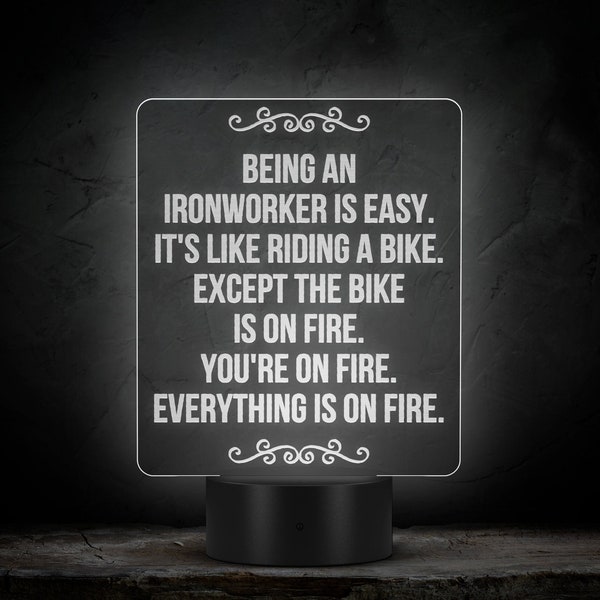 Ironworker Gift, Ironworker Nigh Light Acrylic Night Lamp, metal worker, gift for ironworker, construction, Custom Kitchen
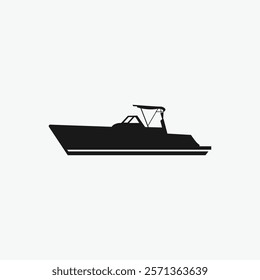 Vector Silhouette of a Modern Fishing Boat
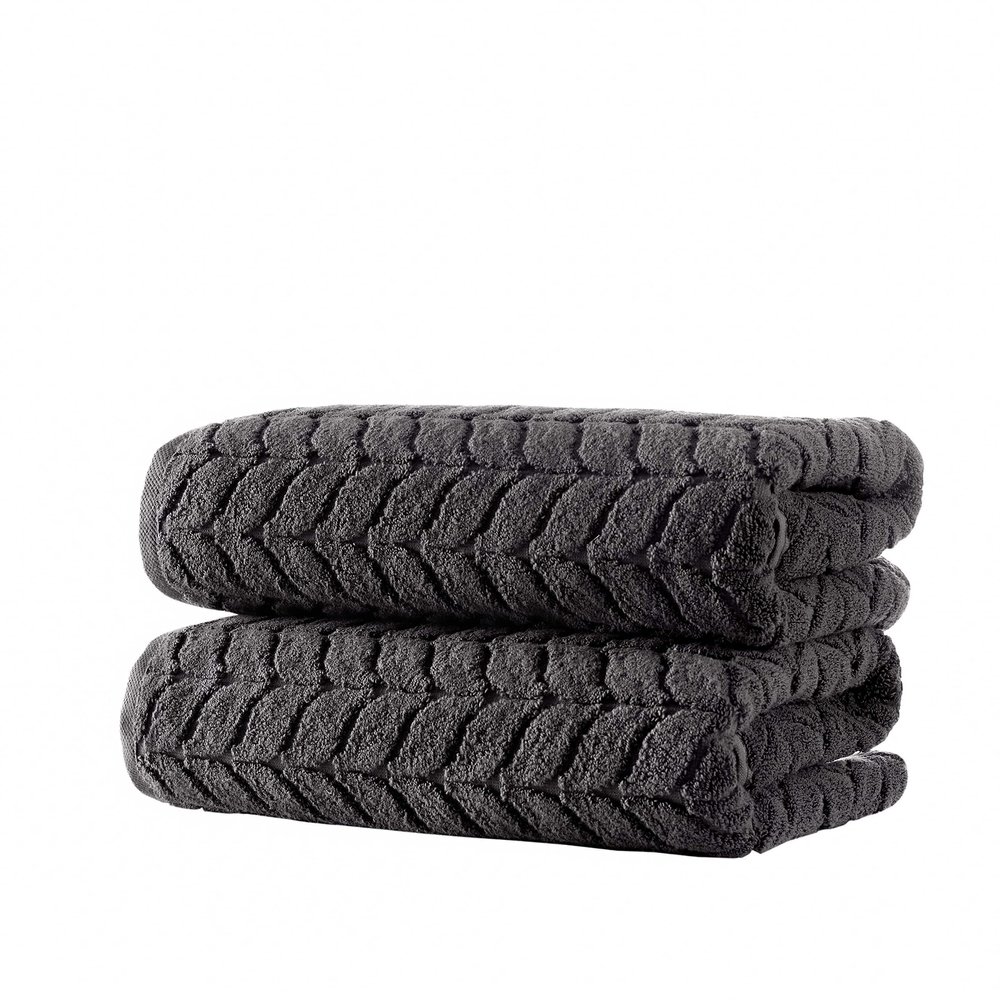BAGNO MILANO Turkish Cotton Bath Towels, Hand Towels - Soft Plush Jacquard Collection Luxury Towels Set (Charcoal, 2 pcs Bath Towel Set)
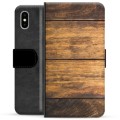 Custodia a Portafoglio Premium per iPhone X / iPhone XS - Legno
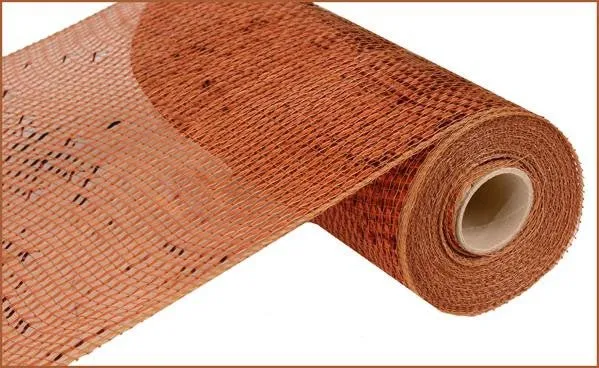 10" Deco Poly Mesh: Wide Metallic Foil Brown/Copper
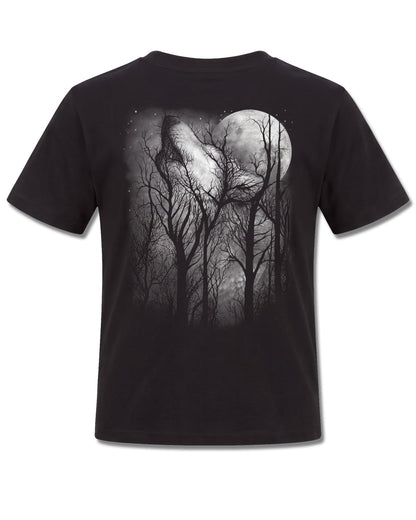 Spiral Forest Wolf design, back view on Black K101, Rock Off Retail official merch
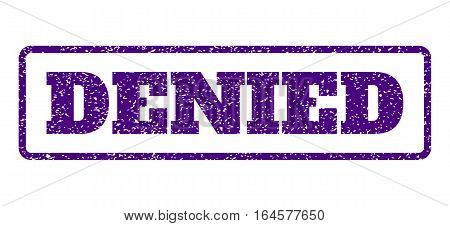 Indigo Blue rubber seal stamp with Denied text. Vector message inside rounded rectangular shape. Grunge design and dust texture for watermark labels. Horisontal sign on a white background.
━━━━━━
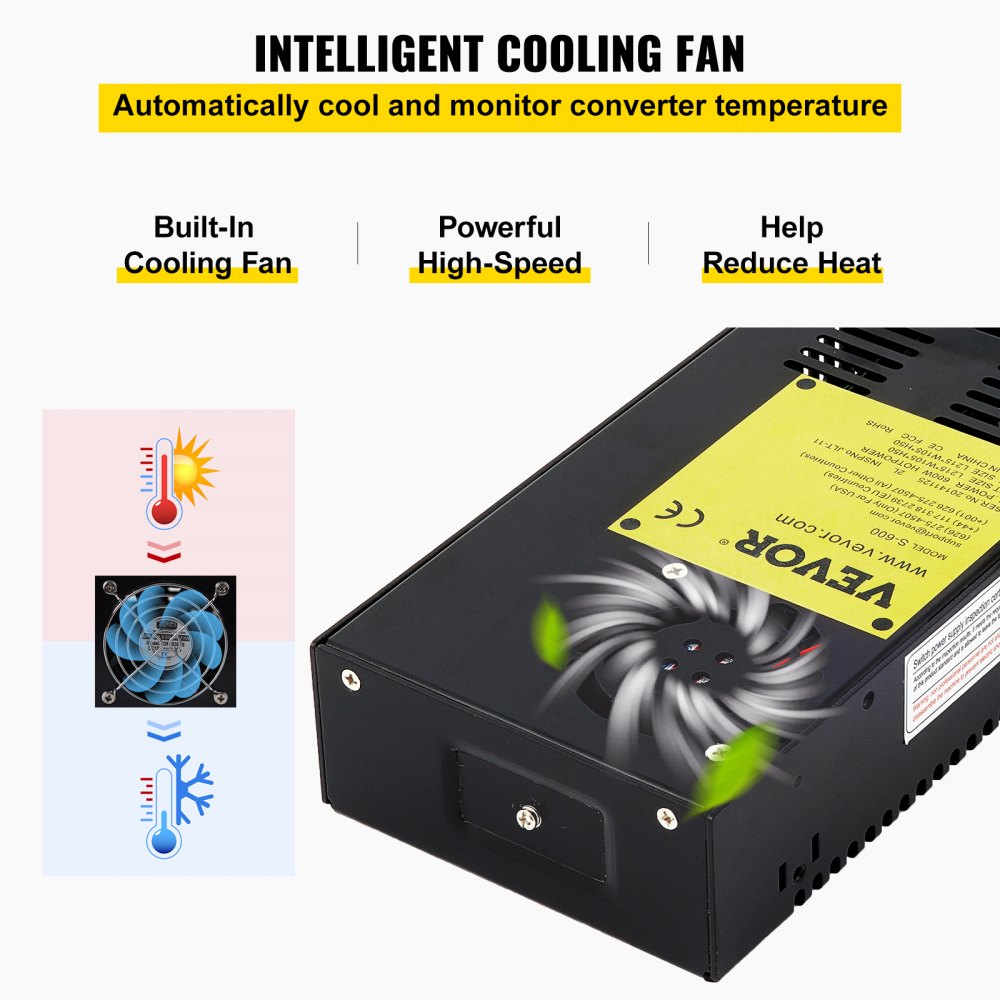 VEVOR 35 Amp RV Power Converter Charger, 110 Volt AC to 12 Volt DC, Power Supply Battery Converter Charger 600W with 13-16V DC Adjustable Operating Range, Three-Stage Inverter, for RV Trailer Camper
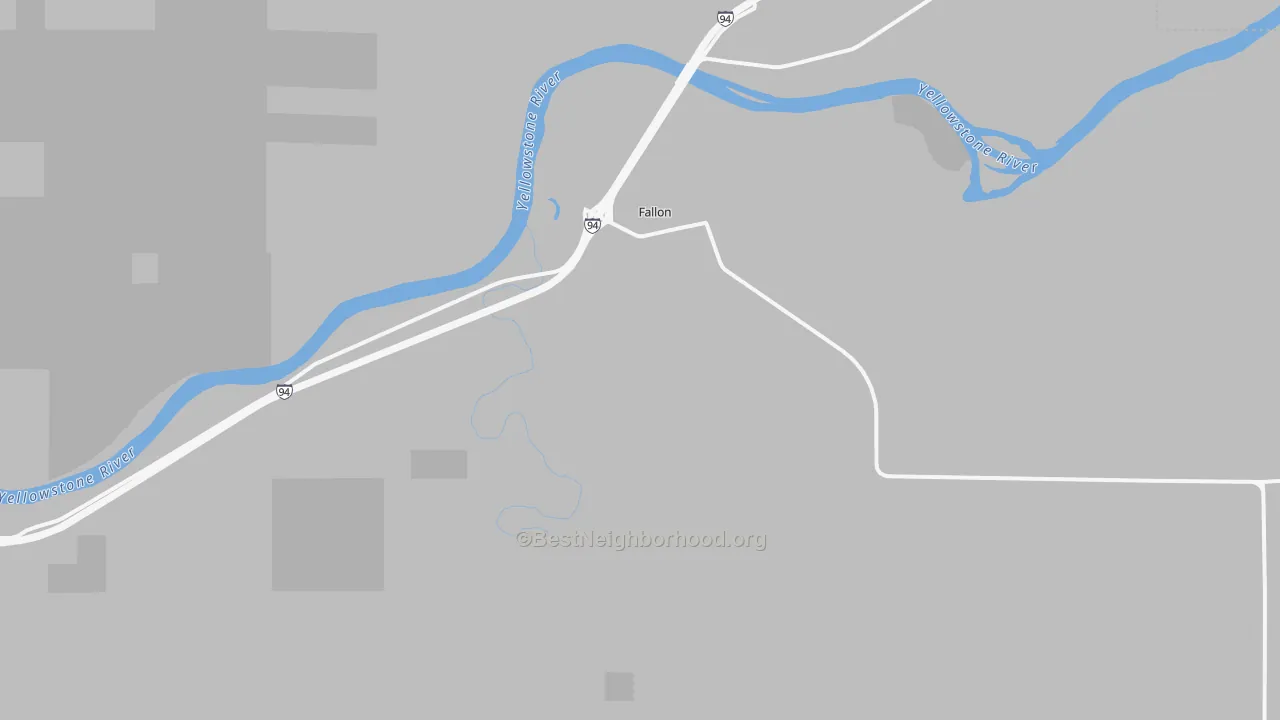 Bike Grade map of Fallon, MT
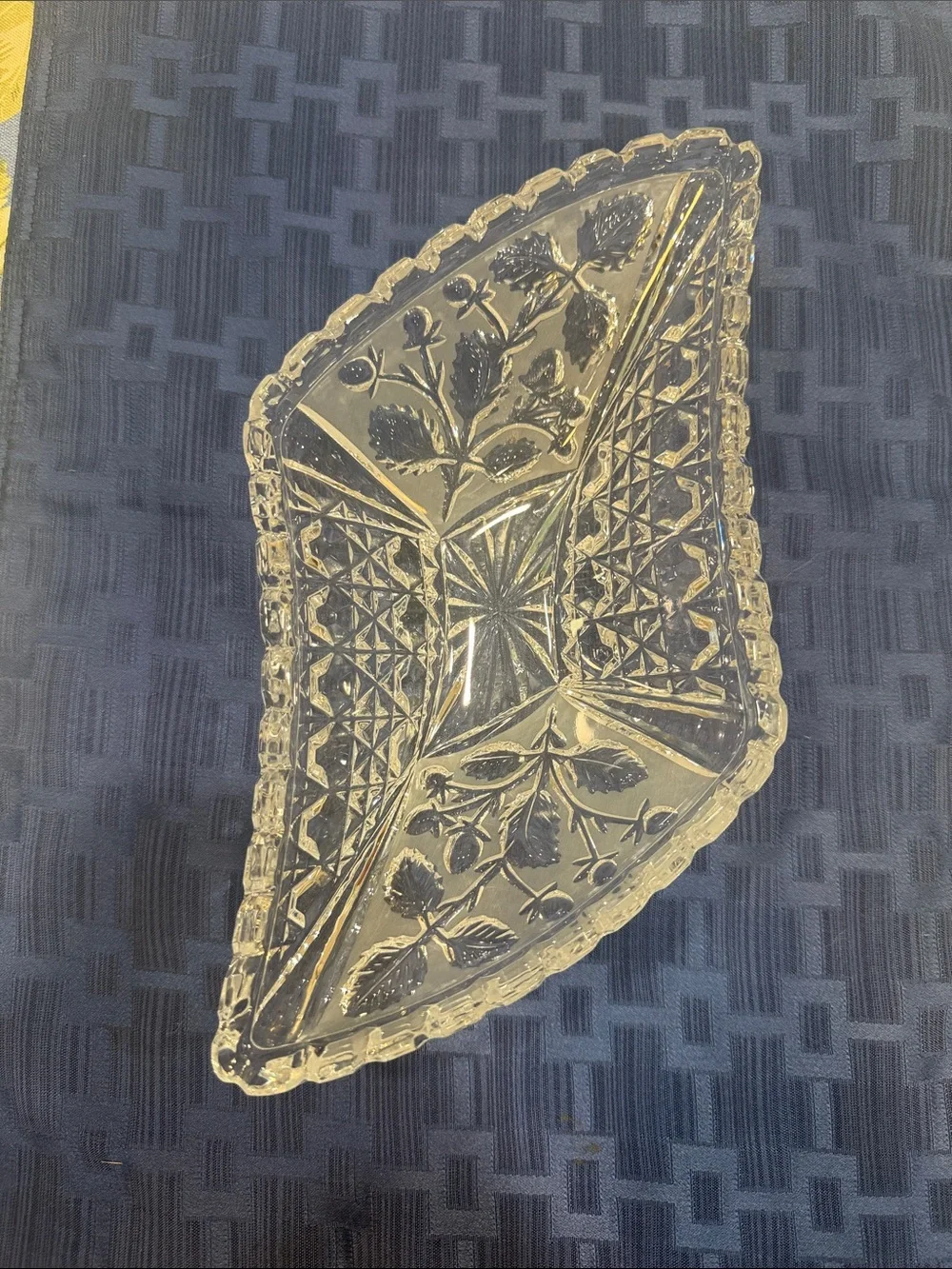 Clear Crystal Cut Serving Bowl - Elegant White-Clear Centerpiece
━━━━━━
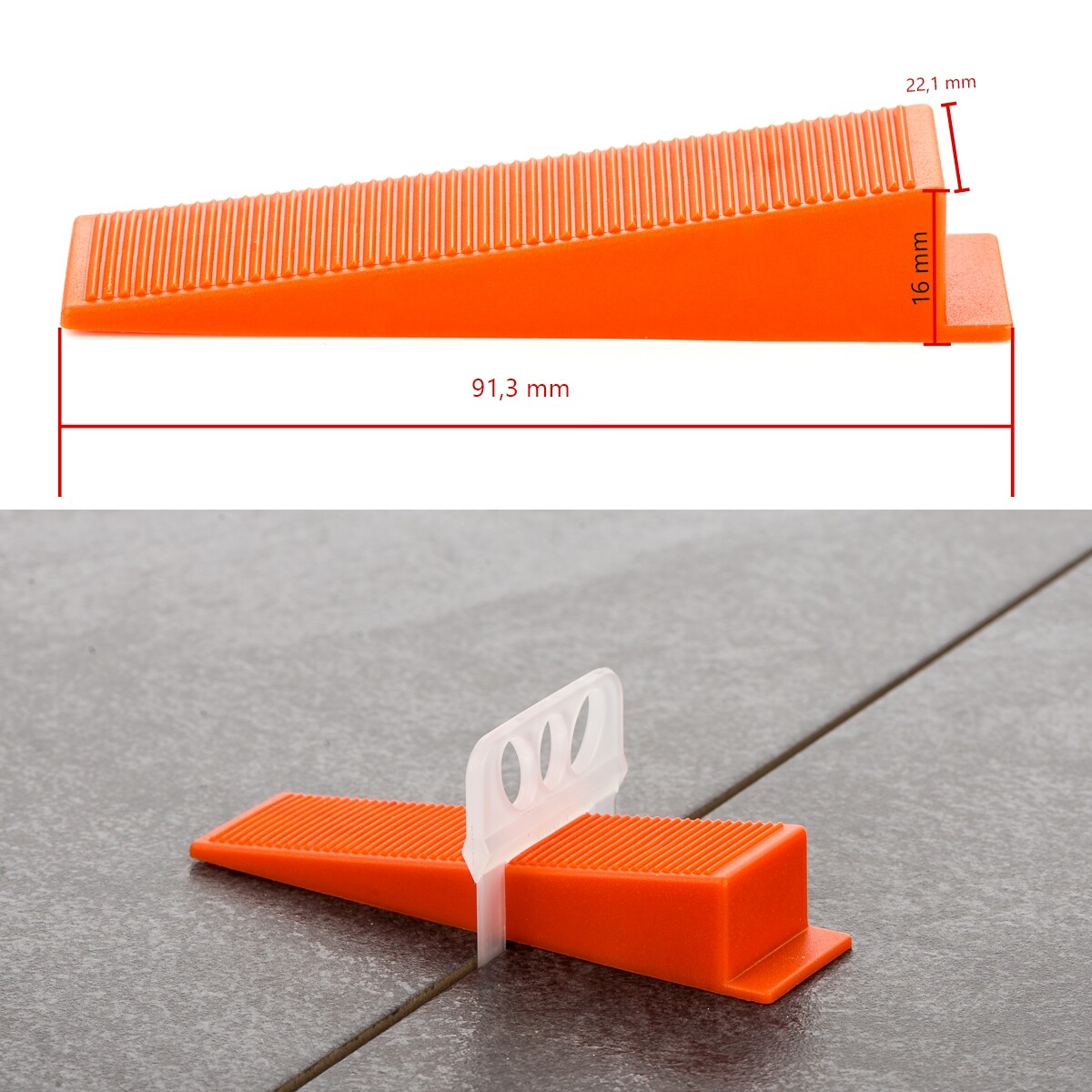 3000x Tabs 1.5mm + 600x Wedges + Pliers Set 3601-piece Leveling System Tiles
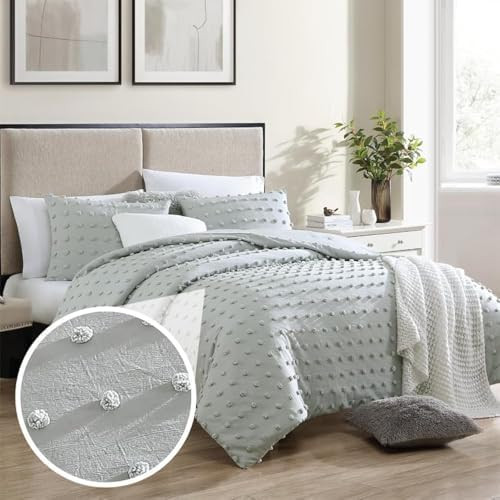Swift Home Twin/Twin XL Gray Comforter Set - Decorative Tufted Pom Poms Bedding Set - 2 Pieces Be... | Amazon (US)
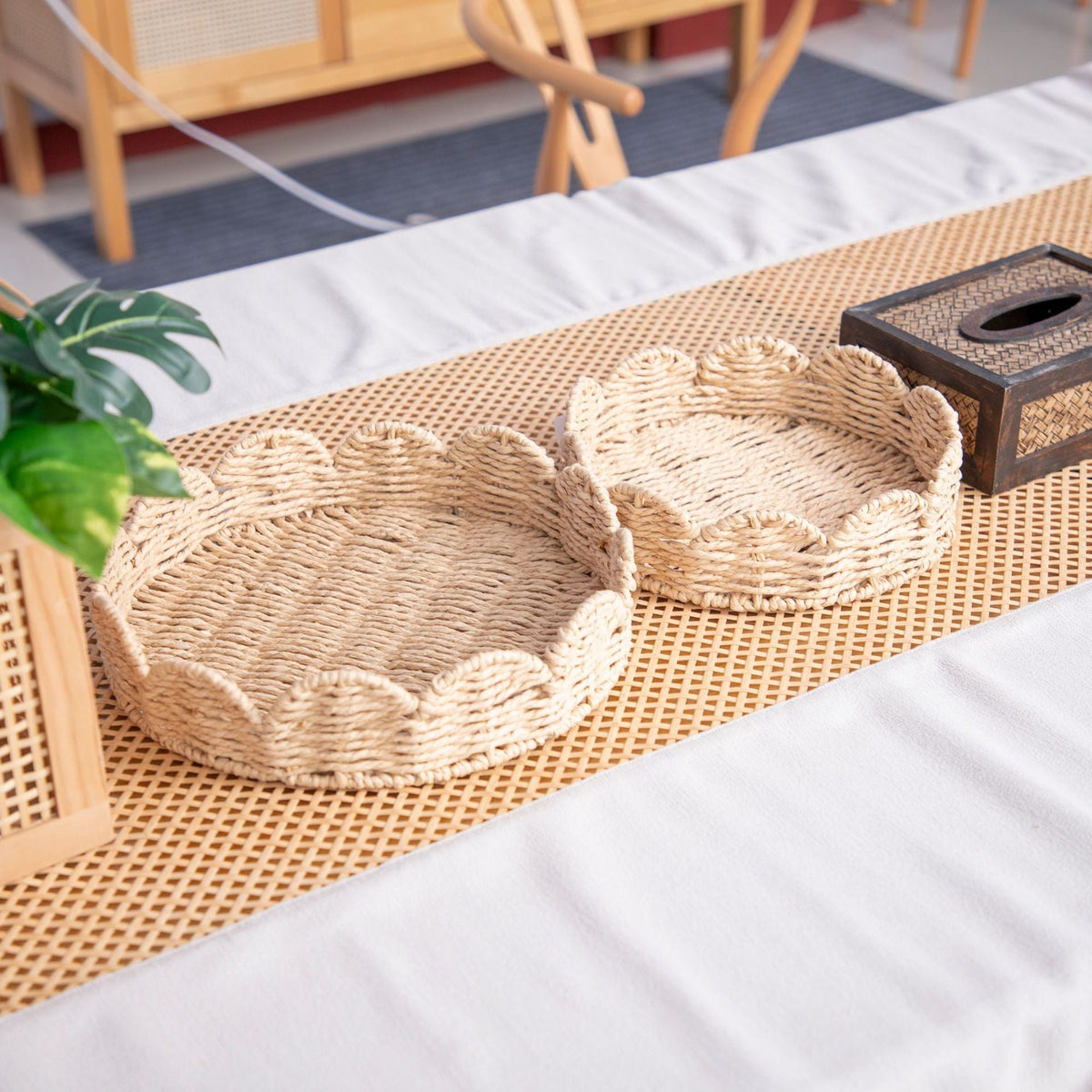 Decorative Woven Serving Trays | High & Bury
━━━━━━
## Requirement
The response must repeat exactly the lines above from the one with "Custodia a Portafoglio" through the one with "Indigo Blue rubber", including both, and must contain no pictures and no other text.

## Exercise solution
 Custodia a Portafoglio Premium per iPhone X / iPhone XS - Legno
 10" Deco Poly Mesh: Wide Metallic Foil Brown/Copper
 Spiral Forest Wolf design, back view on Black K101, Rock Off Retail official merch
 Indigo Blue rubber seal stamp with Denied text. Vector message inside rounded rectangular shape. Grunge design and dust texture for watermark labels. Horisontal sign on a white background.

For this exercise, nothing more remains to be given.